:: PROBLEM DESCRIPTION ::
Among the lines of data below, reproduce only those from the one with "Viterbo - Uno dei manifesti FdI vandalizzati" through the one with "A LARGE ASSORTMENT", exactly as they stand, both ends included.

:: DATA RECORDS ::
········

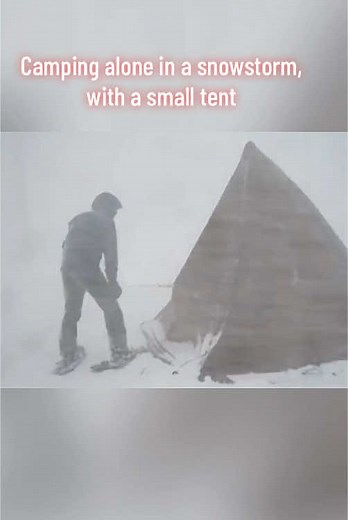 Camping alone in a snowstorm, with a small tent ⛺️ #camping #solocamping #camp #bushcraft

········

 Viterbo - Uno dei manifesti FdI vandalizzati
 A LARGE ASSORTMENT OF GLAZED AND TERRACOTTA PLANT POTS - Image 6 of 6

········

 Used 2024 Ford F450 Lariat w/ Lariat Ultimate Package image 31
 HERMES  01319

········

:: RESULT FOR THIS TASK ::
 Viterbo - Uno dei manifesti FdI vandalizzati
 A LARGE ASSORTMENT OF GLAZED AND TERRACOTTA PLANT POTS - Image 6 of 6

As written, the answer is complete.